New methods for polynomial approximations with correlated inputs

In this post, we introduce a new heuristic in EQ for forming polynomial approximations with input variables that are correlated, the Gram-Schmidt method. In addition, a new method for non-tensorial quadrature—Leja sequences—is also introduced. Our implementation and exposition is based on the proposal by Jakeman et al. [1], where more theoretical details can be found.

Polynomial approximations for correlated variables

In EQ, polynomial approximations are formed by linear combinations of multivariate orthogonal basis polynomials,

$$
f(\mathbf{x}) \approx \sum_{i=1}^P a_i \Phi_i(\mathbf{x}).
$$

When the input variables are independent from each other, the distribution over the input variables is the product of the marginal distributions,

$$
\omega(\mathbf{s}) = \prod_{j=1}^d \omega_j (x_j) .
$$

For each dimension, a basis of univariate basis polynomials can be found such that

$$
\int \phi^{j}_a (x_j) ; \phi^{j}b (x_j) ; \omega_j(x_j) ; \text{d}x_j = \delta{ab}
$$

i.e. they are orthogonal. The multivariate basis can then be formed from the tensor product of univariate bases. That is, each multivariate basis polynomial can be written as

$$
\Phi_i(\mathbf{x}) = \phi^1_{i1} (x_1) ; \phi^2_{i2} (x_2) ; … ; \phi^d_{id} (x_d).
$$

However, this is not possible when the variables are correlated with each other. An orthogonal basis needs to be constructed in another way. One method is to transform the input variables via the Nataf transform. In this method, we seek the invertible link transformation $T$ between the input variables ($\mathbf{x}$) and a set of uncorrelated standard normally distributed variables ($\mathbf{z}$),

$$
\mathbf{z} = T(\mathbf{x})
$$

Thus, the function to be approximated can be expressed in terms of uncorrelated normal variables, for which an orthogonal polynomial basis can be constructed,

$$
f(\mathbf{x}) = f(T^{-1}(\mathbf{z})) \approx \sum_{i=1}^P a_i \Phi_i(\mathbf{z}).
$$

Assuming that the correlation between variables are linear, solving for the transformation amounts to numerically a set of non-linear equations, which can be solved efficiently via root-finding algorithms. The main challenge with this method is the process of fitting a polynomial to the composite function $f \circ T^{-1}$. Including the inverse transform $T^{-1}$ often introduces strong non-linearities that are difficult to fit using a polynomial.

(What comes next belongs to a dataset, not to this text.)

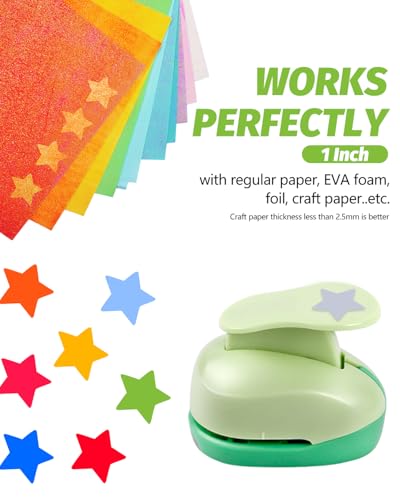UCEC Craft 1 inch Star Hole Punch, Star Punch, Christmas Punch Puncher for Paper Crafting Scrapbooking - color: Star, size: 1 Inch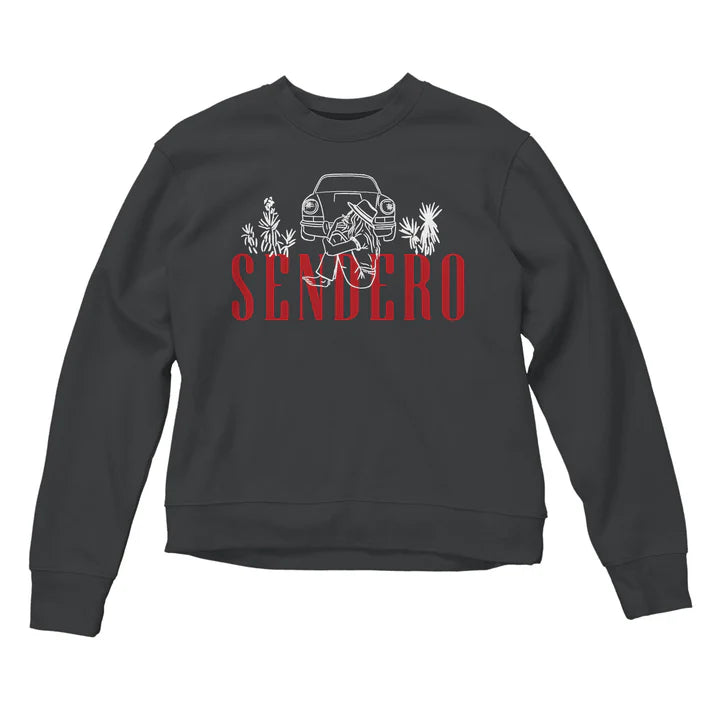Sendero Provisions Co. Women's Desert Drifter Drop Shoulder Sweatshirt in Vintage Black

Another approach presented in Jakeman et al. uses the Gram-Schmidt process to form an orthogonal polynomial basis. First, we can ignore the correlations between inputs and construct an orthogonal basis by the tensor product of orthogonal bases for the respective marginal distributions. The basis $(\psi)$ is then a linearly independent set of polynomials, but they are not orthogonal to the input measure since the correlations are not accounted for. The Gram Schmidt (GS) process is then applied to this set of polynomials to form an orthogonal set with the same span $(\phi)$. When applying GS to finite dimensional vectors, at each step we subtract the projection of the current vector to the subspace spanned by all previous vectors from the current vector. This involves taking inner products with the vectors in previous iterations, which is the commonly known dot product. For polynomials, the inner product is defined by integrating the two polynomials weighted by the measure,

$$
\langle \phi, \psi\rangle = \int \phi (\mathbf{x}) ; \psi (\mathbf{x}) ; \omega(\mathbf{x}) ; \text{d}\mathbf{x},
$$

which calls for a quadrature method for the input measure $\omega$. A simple heuristic is to use Monte Carlo—by drawing samples from $\omega$. This can be done by transforming samples from the standard normal distribution with the Nataf transform, as described above.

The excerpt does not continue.